Correctly implement sub, subn, and split. Also correct and augment

the cache code.
author: Guido van Rossum <guido@python.org> 1997-07-17 22:39:13 (GMT)
committer: Guido van Rossum <guido@python.org> 1997-07-17 22:39:13 (GMT)
commit: 9e18ec7dc9e8452035085ea34d8f4dda43c8baed (patch)
tree: cc62ea42022b87ba6e94e98483ee7f18d29183e3 /Lib/re.py
parent: a4f1a78b6eaed4d5d2c609d2e3160ec64535d22a (diff)
download: cpython-9e18ec7dc9e8452035085ea34d8f4dda43c8baed.zip
cpython-9e18ec7dc9e8452035085ea34d8f4dda43c8baed.tar.gz
cpython-9e18ec7dc9e8452035085ea34d8f4dda43c8baed.tar.bz2
1 files changed, 88 insertions, 10 deletions
diff --git a/Lib/re.py b/Lib/re.py
index 8509b5f..abc31c8 100644
--- a/Lib/re.py
+++ b/Lib/re.py
@@ -40,7 +40,7 @@ def valid_identifier(id):
 _cache = {}
 _MAXCACHE = 20
 
-def _cachecompile(pattern, flags):
+def _cachecompile(pattern, flags=0):
     key = (pattern, flags)
     try:
 	return _cache[key]
@@ -59,13 +59,19 @@ def search(pattern, string, flags=0):
     return _cachecompile(pattern, flags).search(string)
   
 def sub(pattern, repl, string, count=0):
-    return _cachecompile(pattern).sub(repl, string, count)
+    if type(pattern) == type(''):
+	pattern = _cachecompile(pattern)
+    return pattern.sub(repl, string, count)
 
 def subn(pattern, repl, string, count=0):
-    return _cachecompile(pattern).subn(repl, string, count)
+    if type(pattern) == type(''):
+	pattern = _cachecompile(pattern)
+    return pattern.subn(repl, string, count)
   
 def split(pattern, string, maxsplit=0):
-    return _cachecompile(pattern).subn(string, maxsplit)
+    if type(pattern) == type(''):
+	pattern = _cachecompile(pattern)
+    return pattern.split(string, maxsplit)
 
 #
 #
@@ -126,14 +132,86 @@ class RegexObject:
 			   regs)
     
     def sub(self, repl, string, count=0):
-	pass
-    
-    def subn(self, repl, string, count=0):
-	pass
+	return self.subn(repl, string, count)[0]
     
-    def split(self, string, maxsplit=0):
-	pass
+    def subn(self, repl, source, count=0):
+	if count < 0: raise error, "negative substibution count"

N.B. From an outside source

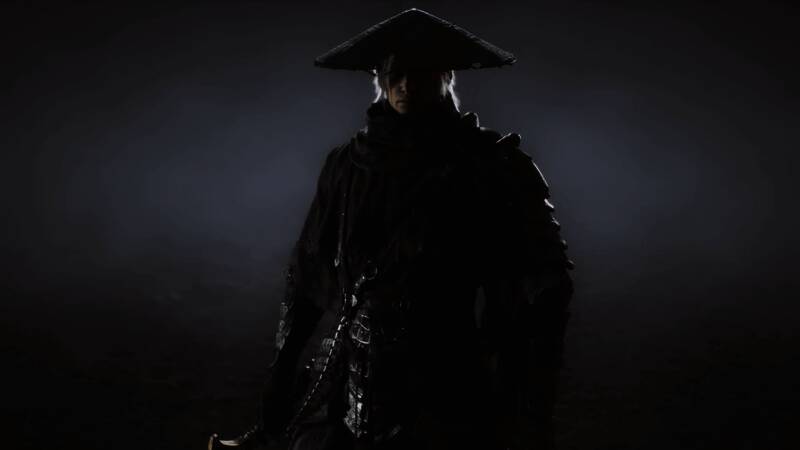 梁其伟接受采访现场，神情专注，背景为工作室内部环境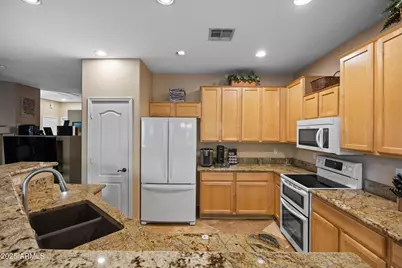 9811 N Desert Rose Drive, Fountain Hills, AZ 85268 - Photo 12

+	if count == 0: import sys; count = sys.maxint
+	if type(repl) == type(''):
+	    if '\\' in repl:
+		repl = lambda m, r=repl: _expand(m, r)
+	    else:
+		repl = lambda m, r=repl: r
+	n = 0		# Number of matches
+	pos = 0		# Where to start searching
+	lastmatch = -1	# End of last match
+	results = []	# Substrings making up the result
+	end = len(source)
+	while n < count and pos <= end:
+	    m = self.search(source, pos)
+	    if not m: break
+	    i, j = m.span(0)
+	    if i == j == lastmatch:
+		# Empty match adjacent to previous match
+		pos = pos+1
+		results.append(source[lastmatch:pos])
+		continue
+	    if pos < i: results.append(source[pos:i])

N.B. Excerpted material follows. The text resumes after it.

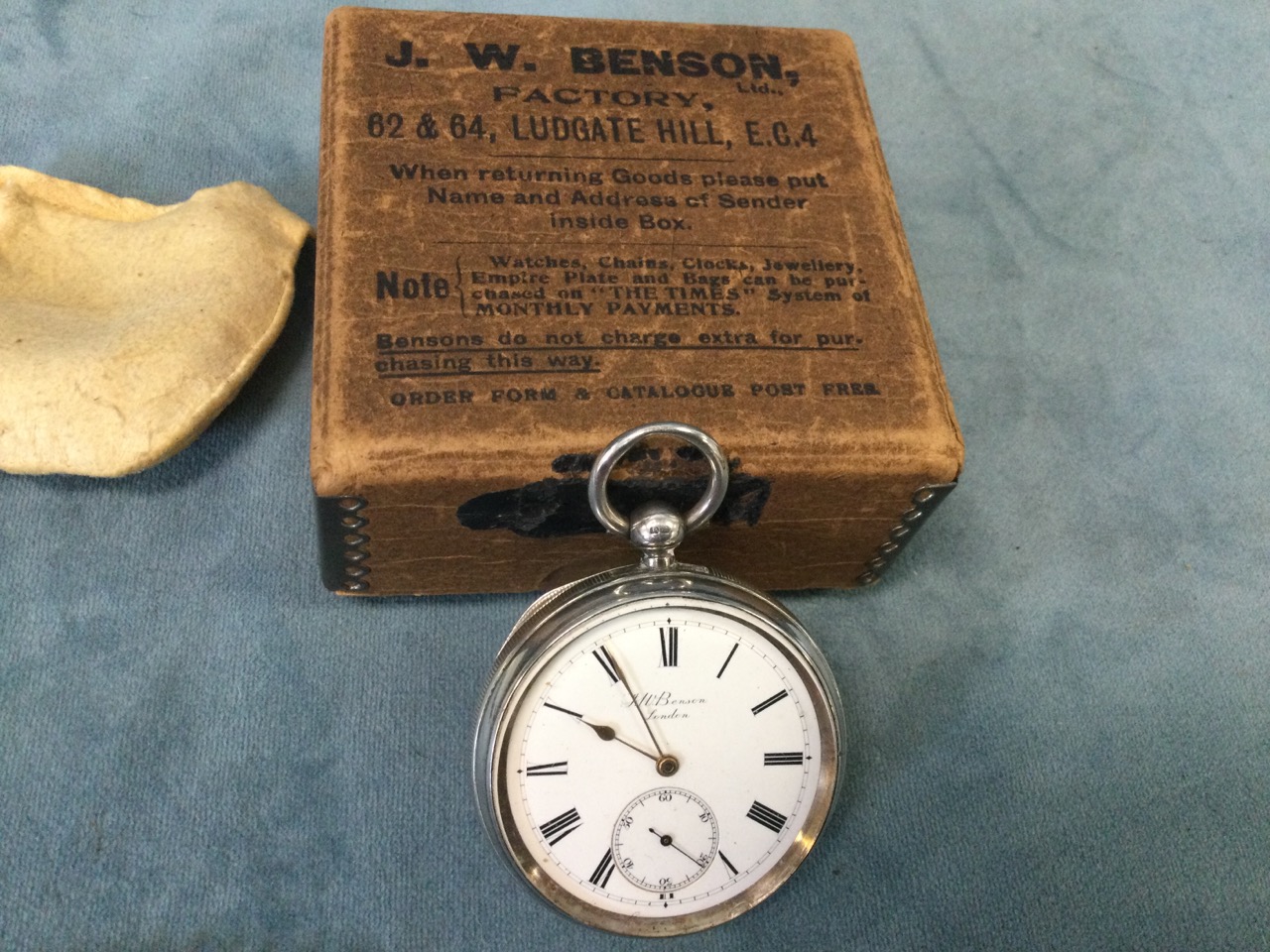 A boxed Victorian silver pocket watch by JW Benson dated 1887 having enamelled with roman - Bild 3 aus 3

+	    results.append(repl(m))
+	    pos = lastmatch = j
+	    if i == j:
+		# Last match was empty; don't try here again
+		pos = pos+1
+		results.append(source[lastmatch:pos])
+	    n = n+1
+	results.append(source[pos:])
+	return (string.join(results, ''), n)
     
+    def split(self, source, maxsplit=0):
+	if maxsplit < 0: raise error, "negative split count"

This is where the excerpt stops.